Monsanto has appealed against the order and a federal
court ruling on the case is now expected by 2014.
About 85% of
Brazil’s massive soyabean crop output is produced from genetically engineered
seeds. Brazil exports about $24.1 billion worth of soyabeans annually, more
than a quarter of its total agri-exports.
Farmers say that
they are using seeds produced many generations after the initial crops from the
genetically modified Monsanto seeds were grown. Farmers claim that Monsanto
unfairly collects exorbitant profits every year worldwide on royalties from
“renewal” seed harvests. Renewal crops are those that have been planted using
seed from the previous year’s harvest. Monsanto disagrees, demanding royalties
from any crop generation produced from its genetically-engineered seed.

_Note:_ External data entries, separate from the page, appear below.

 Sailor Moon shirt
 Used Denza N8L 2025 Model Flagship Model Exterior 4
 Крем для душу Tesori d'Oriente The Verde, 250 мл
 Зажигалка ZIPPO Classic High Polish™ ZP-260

Because
the engineered seed is patented, Monsanto not only charges an initial royalty
on the sale of the crop produced, but a continuing two per cent royalty on
every subsequent crop, even if the farmer is using a later generation of seed.
The first
transgenic soy seeds were illegally smuggled into Brazil from neighboring
Argentina in 1998 and their use was banned and subject to prosecution until the
last decade, according to the state-owned Brazilian Enterprise for Agricultural
Research (EMBRAPA).The ban has since been lifted and now 85 percent of the
country’s soybean crop (25 million hectares or 62 million acres) is genetically
modified, Alexandre Cattelan, an EMBRAPA researcher told Merco Press. Brazil is
the world’s second largest producer and exporter of soyabean. China is one of
its biggest buyers.
“Monsanto gets
paid when it sell the seeds. The law gives producers the right to multiply the
seeds they buy and nowhere in the world is there a requirement to pay (again).
Producers are in effect paying a private tax on production,” Jane Berwanger,
lawyer for the farmers told the media agencies.